Task — Go to the line containing "Headphones, singing and" in the records below and print it and every following line exactly, on through the line containing "Person wearing a crocheted", then stop.

══ Dataset records ══

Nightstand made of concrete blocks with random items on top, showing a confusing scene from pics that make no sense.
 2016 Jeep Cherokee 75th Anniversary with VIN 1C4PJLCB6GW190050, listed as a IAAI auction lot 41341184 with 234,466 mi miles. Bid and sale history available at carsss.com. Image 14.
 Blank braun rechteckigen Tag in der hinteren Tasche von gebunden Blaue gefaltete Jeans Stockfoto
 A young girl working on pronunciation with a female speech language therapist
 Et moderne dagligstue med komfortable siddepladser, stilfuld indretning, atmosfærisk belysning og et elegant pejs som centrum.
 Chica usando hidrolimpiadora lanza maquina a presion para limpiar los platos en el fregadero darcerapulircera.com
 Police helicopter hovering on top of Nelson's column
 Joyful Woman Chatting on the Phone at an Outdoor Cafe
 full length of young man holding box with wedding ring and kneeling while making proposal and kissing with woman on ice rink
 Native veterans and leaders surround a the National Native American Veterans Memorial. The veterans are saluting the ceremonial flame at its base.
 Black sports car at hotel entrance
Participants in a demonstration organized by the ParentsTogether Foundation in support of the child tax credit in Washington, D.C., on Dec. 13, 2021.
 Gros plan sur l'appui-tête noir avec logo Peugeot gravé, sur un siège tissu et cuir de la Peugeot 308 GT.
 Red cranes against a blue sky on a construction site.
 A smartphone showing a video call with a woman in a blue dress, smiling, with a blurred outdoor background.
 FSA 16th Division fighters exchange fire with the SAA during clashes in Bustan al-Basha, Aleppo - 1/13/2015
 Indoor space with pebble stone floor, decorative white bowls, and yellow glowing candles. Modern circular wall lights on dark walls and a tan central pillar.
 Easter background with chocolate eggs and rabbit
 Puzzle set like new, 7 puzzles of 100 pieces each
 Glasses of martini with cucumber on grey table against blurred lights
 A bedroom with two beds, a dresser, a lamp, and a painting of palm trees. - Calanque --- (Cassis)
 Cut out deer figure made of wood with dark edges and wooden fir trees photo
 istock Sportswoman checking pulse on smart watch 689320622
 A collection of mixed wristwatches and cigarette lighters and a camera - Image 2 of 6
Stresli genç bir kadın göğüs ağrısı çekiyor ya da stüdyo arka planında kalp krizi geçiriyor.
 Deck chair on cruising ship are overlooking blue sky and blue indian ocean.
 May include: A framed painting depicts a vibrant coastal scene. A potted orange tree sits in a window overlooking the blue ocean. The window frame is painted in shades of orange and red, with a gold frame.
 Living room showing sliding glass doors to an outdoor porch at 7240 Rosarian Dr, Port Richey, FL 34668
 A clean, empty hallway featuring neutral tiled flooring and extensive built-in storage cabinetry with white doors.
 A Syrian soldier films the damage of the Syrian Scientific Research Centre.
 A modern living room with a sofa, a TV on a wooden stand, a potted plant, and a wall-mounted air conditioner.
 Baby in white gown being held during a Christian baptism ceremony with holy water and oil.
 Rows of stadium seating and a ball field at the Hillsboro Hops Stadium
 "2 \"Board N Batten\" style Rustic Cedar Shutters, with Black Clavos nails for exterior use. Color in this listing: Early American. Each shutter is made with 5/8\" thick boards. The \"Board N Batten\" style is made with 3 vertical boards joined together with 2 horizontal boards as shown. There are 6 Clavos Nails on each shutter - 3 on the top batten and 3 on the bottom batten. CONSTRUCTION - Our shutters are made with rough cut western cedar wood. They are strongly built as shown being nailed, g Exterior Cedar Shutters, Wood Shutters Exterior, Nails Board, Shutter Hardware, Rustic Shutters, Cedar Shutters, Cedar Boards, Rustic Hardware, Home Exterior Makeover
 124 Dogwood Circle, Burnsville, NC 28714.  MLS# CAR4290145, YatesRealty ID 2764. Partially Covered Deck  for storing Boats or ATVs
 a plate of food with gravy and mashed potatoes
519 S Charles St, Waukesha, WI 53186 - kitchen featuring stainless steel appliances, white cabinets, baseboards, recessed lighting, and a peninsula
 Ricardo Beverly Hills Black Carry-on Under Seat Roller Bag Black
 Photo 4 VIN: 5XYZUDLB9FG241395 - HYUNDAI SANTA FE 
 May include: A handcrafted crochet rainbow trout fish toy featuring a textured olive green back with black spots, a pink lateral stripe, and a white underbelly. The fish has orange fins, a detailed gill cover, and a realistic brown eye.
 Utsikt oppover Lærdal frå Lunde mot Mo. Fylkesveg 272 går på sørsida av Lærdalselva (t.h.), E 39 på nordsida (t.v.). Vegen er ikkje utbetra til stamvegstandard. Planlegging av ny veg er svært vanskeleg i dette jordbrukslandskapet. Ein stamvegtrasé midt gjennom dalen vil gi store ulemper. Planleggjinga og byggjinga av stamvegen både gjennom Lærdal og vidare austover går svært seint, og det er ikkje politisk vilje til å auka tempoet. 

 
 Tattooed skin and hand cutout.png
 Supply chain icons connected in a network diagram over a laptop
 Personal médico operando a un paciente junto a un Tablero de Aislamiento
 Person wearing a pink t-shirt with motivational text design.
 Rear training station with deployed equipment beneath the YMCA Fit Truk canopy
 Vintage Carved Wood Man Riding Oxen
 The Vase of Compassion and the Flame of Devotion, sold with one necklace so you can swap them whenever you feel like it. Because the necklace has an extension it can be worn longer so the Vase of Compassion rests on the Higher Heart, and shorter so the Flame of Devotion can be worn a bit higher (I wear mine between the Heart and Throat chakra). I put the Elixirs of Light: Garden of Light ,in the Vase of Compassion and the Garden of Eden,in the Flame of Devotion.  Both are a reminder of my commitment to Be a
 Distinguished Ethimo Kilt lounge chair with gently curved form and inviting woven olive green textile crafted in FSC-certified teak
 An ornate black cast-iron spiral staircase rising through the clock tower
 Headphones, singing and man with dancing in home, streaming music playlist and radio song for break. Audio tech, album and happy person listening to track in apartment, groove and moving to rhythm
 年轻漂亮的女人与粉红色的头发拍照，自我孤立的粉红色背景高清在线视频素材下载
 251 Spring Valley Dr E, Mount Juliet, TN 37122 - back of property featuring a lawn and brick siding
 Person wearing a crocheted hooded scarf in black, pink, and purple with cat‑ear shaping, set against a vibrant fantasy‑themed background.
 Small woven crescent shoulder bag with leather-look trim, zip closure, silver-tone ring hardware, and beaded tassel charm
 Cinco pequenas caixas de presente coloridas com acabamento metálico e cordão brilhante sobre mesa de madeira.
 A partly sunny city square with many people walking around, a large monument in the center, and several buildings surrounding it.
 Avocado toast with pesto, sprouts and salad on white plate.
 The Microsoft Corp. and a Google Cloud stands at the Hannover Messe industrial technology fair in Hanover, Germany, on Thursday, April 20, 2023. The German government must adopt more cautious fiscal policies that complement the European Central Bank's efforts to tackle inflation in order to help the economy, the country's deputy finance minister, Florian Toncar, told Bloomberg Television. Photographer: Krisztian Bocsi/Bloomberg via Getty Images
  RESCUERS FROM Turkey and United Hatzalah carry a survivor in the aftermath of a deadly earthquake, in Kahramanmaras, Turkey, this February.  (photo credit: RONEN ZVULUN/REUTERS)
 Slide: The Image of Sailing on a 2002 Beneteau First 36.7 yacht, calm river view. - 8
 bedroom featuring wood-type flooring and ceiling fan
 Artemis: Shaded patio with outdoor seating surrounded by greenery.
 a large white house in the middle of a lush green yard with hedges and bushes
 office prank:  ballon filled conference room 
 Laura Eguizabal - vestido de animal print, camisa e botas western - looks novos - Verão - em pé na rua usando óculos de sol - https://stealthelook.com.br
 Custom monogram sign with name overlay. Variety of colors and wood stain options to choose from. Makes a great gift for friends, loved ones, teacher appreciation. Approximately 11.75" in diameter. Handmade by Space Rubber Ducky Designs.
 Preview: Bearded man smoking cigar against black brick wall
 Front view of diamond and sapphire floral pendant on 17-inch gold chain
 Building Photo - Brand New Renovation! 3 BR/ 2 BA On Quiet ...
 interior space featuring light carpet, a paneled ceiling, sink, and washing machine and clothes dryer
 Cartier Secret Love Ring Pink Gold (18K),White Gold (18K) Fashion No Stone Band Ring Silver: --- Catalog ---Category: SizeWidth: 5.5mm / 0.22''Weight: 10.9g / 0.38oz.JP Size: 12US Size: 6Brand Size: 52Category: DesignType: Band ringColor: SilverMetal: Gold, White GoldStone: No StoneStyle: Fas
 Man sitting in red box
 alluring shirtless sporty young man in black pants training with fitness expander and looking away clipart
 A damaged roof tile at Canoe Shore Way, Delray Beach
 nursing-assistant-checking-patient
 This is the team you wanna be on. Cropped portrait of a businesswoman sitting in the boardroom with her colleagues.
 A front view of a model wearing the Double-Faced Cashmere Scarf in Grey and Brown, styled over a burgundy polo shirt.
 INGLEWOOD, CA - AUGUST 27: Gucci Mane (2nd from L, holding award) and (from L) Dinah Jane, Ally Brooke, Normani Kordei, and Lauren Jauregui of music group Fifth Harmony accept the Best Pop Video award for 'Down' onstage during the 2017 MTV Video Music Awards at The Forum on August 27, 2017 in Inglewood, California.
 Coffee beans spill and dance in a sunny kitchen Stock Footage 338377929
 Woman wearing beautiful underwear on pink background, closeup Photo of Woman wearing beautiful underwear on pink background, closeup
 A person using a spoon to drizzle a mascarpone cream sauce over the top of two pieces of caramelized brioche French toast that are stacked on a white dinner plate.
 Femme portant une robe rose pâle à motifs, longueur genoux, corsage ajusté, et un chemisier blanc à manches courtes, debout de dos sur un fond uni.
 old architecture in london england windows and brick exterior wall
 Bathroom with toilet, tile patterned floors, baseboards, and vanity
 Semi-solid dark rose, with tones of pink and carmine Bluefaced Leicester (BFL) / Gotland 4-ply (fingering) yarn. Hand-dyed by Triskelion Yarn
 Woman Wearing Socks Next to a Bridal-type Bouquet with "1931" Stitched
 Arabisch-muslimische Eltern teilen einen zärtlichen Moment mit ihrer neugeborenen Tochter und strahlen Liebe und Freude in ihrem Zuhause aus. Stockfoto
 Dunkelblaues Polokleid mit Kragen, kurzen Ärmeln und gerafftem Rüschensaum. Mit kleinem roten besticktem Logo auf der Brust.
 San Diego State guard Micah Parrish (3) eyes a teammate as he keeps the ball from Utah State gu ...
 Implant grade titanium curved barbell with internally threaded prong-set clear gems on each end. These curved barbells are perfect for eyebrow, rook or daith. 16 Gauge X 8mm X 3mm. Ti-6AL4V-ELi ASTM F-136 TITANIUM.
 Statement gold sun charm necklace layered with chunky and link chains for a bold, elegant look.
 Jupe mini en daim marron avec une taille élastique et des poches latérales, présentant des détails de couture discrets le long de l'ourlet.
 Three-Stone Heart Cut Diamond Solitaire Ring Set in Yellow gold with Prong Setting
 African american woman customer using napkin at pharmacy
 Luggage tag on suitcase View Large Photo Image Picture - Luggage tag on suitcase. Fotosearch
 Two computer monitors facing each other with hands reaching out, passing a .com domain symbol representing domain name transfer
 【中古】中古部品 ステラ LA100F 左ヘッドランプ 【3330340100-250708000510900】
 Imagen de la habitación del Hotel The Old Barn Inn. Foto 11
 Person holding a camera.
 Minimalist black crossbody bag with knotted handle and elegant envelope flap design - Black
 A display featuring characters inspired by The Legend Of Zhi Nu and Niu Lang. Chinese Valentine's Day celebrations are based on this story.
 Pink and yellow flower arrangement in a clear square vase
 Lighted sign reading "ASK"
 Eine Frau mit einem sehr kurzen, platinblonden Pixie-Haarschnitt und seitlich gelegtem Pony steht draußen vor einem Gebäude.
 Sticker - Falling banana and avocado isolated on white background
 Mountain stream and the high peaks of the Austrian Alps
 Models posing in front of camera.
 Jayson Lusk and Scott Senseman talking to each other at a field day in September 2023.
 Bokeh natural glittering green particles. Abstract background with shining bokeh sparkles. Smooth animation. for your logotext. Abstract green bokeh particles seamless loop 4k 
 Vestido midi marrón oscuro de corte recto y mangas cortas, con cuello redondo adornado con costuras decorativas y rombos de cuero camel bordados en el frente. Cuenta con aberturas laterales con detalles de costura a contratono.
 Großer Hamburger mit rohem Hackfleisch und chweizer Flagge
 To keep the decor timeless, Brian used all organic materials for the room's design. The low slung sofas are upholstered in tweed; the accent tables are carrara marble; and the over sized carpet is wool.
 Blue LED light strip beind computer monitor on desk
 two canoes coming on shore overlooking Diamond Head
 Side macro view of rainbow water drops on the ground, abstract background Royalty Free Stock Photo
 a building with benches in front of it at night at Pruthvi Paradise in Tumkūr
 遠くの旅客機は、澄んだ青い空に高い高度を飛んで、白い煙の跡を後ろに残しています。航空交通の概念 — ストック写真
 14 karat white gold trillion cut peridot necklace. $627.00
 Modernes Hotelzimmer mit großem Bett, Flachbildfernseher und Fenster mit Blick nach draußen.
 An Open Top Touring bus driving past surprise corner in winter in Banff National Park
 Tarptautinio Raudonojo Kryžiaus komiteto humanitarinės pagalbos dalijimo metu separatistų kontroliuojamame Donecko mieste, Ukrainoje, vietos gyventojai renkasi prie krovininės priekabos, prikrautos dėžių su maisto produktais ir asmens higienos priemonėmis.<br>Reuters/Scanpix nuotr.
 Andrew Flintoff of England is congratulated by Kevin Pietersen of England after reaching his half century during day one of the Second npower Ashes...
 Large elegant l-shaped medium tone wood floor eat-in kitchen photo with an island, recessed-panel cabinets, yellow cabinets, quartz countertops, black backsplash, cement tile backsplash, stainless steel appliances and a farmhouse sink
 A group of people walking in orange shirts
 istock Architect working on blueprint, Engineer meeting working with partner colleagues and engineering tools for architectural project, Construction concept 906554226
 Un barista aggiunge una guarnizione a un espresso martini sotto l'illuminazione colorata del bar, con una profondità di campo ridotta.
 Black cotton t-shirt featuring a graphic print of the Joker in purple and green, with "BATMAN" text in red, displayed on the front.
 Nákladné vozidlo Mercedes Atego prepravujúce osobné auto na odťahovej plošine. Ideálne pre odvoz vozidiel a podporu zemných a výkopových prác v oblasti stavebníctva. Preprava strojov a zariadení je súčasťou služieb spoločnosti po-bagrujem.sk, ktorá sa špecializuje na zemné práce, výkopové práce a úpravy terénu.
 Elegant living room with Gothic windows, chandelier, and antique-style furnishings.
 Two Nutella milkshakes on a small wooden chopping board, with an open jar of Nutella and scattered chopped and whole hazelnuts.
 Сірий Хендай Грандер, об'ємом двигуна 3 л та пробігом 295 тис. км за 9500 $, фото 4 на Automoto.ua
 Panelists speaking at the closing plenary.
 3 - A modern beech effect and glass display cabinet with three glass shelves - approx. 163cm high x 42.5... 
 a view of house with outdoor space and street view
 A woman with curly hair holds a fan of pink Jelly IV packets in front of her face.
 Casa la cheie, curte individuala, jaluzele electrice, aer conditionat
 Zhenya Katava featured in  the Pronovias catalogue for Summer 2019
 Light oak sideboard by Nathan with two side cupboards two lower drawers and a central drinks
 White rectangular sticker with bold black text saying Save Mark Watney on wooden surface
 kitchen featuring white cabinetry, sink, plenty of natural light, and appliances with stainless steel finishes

═══

Response area —
 Headphones, singing and man with dancing in home, streaming music playlist and radio song for break. Audio tech, album and happy person listening to track in apartment, groove and moving to rhythm
 年轻漂亮的女人与粉红色的头发拍照，自我孤立的粉红色背景高清在线视频素材下载
 251 Spring Valley Dr E, Mount Juliet, TN 37122 - back of property featuring a lawn and brick siding
 Person wearing a crocheted hooded scarf in black, pink, and purple with cat‑ear shaping, set against a vibrant fantasy‑themed background.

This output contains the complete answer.